GM Pauses Cruise Origin Effort
General Motors will halt indefinitely production of a Cruise Origin autonomous vehicle. It took a $600 million charge in the second quarter.
GM Stock Plunges
Shares of General Motors tumbled 6.4% to 46.38 in Tuesday's stock market action after initially climbing 4% before the open. GM stock rose 2.6% on Monday.
GM stock tested a 46.16 flat-base buy point, first cleared on June 10. It's below a 49.35 entry from a short consolidation.
GM stock was up 38% for the year so far as of July 22.
Ford stock lost 2.05% to 13.83 Tuesday, just below a 13.95 cup-with-handle buy point. Shares broke out on July 12, then hit a 52-week high of 14.85 intraday Thursday before pulling back Friday.
Ford is set to report Q2 earnings Wednesday after the market close.
Tesla gave up 2% Tuesday with earnings due after the close. Shares jumped 5.15% on Monday.
Auto Sales, EV Sales, Share Buybacks
Despite a crippling cyberattack, General Motors, Ford Motor and the broader U.S. auto industry grew auto sales modestly in the second quarter.
Analysts blamed high interest rates, steep vehicle prices and economic uncertainty for the muted growth.
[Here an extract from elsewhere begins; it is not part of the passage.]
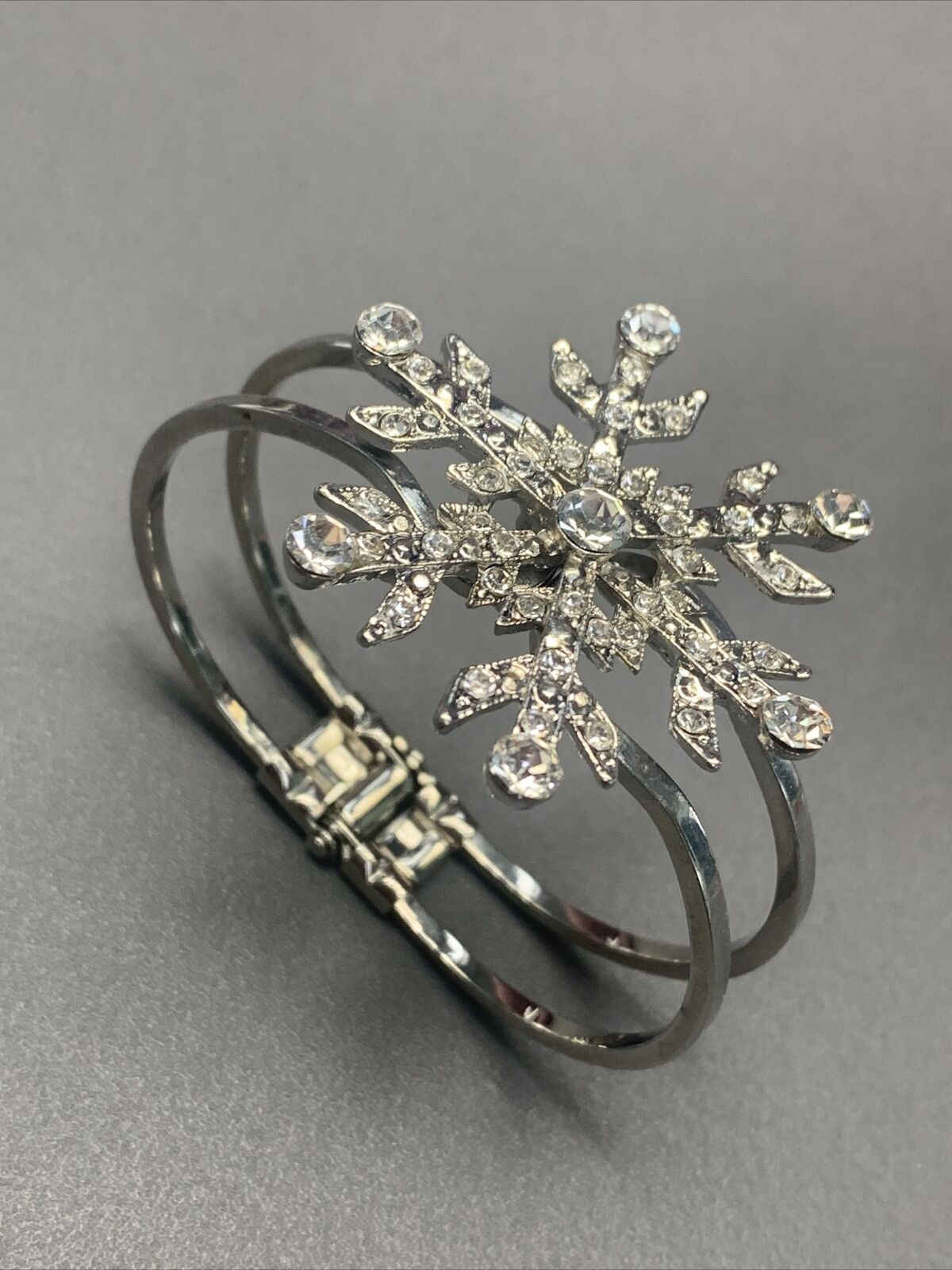 Vintage ￼ Rhinestone snowflake clamper bracelet S… - image 3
Despite those headwinds, GM delivered an impressive 696,086 vehicles in Q2, led by pickup trucks. The automaker claimed its best auto sales quarter since Q4 2020, as well as its best EV sales quarter ever.
GM's EV deliveries jumped by 40% to almost 22,000. The surge highlighted GM's growing momentum in the electric vehicle market after challenges, while Tesla tries to return to growth.
General Motors continues to push out new electric vehicles, but challenges remain.
On Monday, GM CEO Barra cast doubt on her company's ability to achieve targeted production capacity for 1 million electric vehicles by 2025. On Thursday, Ford said it would expand production of its F-150 Super Duty trucks to a Canadian factory that was meant to produce electric cars.
Shareholder-friendly policies continue to boost GM stock in a difficult market. The company unveiled a new $6 billion share repurchase program on June 11, citing profitable gas trucks and EV improvement.
GM stock offers a 12-cent quarterly dividend per share, yielding 0.8%.